La politique en Norvège

A l’occasion de l’entre-deux-tours de l’élection présidentielle française, voici un aperçu de la vie politique en Norvège. Si le pays est une monarchie depuis plus d’un millénaire, le souverain n’a qu’un rôle symbolique et ne s’immisce pas dans la politique du royaume. Le pouvoir est exercé par le premier ministre et son gouvernement, tandis que le parlement (photo en une), appelé Storting, assure la représentation du peuple et vote les lois. De plus, il n’y a que deux types d’élections : les élections municipales et régionales, qui renouvèlent les maires et les présidents des comtés, et les élections législatives, qui déterminent la composition du parlement et, par conséquent, le nom du premier ministre et la couleur du gouvernement. C’est à ce seul moment que le roi, ou la reine, intervient et valide la nomination du premier ministre. Ce dernier est généralement le chef du parti ou de la coalition qui sort vainqueur.

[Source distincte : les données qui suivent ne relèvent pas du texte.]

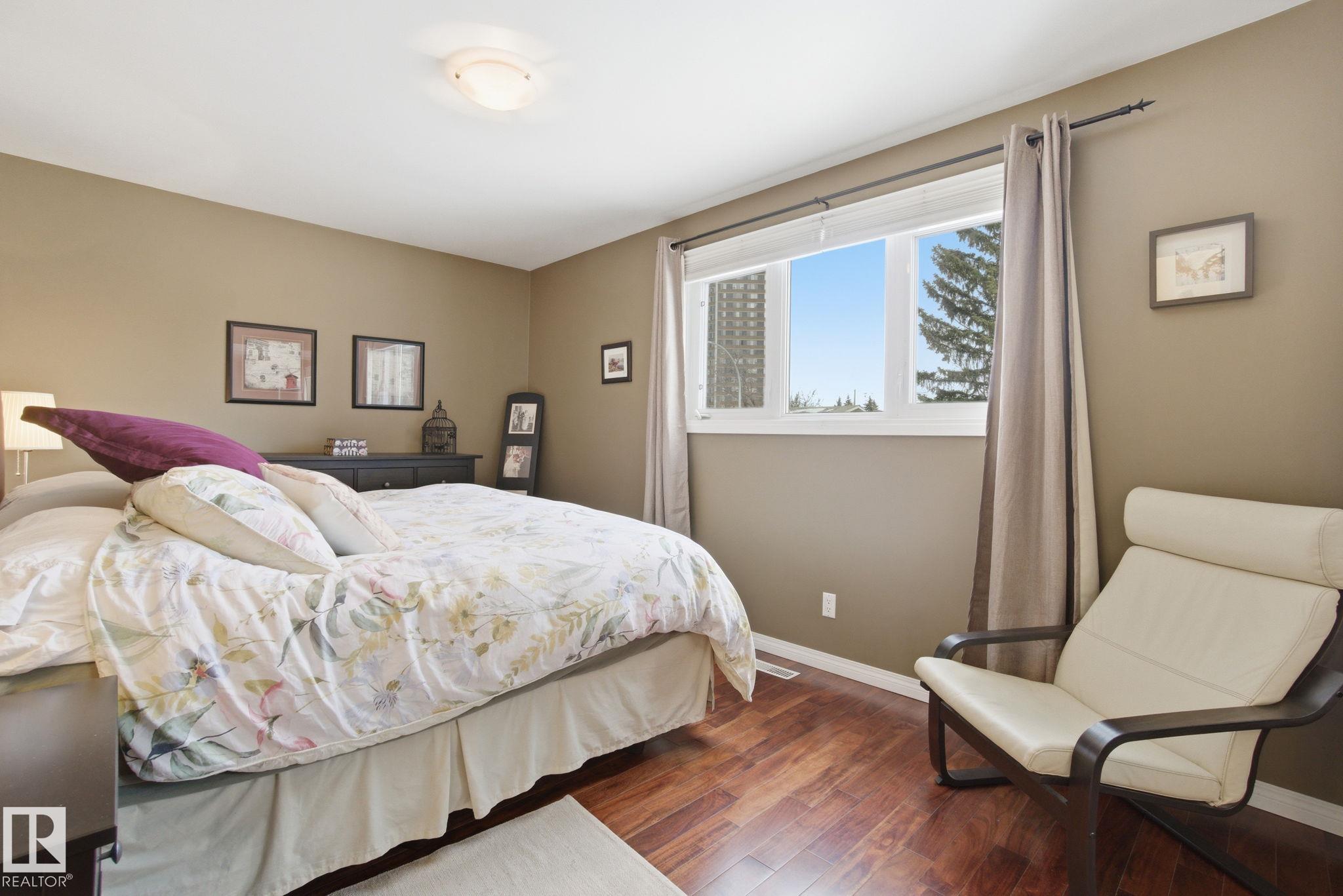 Photo 21 at 4808 122a Street NW, Lansdowne, Edmonton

Le Storting est constitué de 169 députés, élus pour quatre ans, dont 150 sièges sont attribués à la proportionnelle pour 19 circonscriptions. Ces subdivisions correspondent aux anciens comtés, lesquels ont été ramenés à 11 après la fusion de certains d’entre eux en 2020. Entre 4 et 19 sièges sont accordés par circonscription en fonction de leur population. Les 19 sièges restants sont complétés d’après les résultats du vote populaire et servent à compenser l’écart créé par la méthode proportionnelle.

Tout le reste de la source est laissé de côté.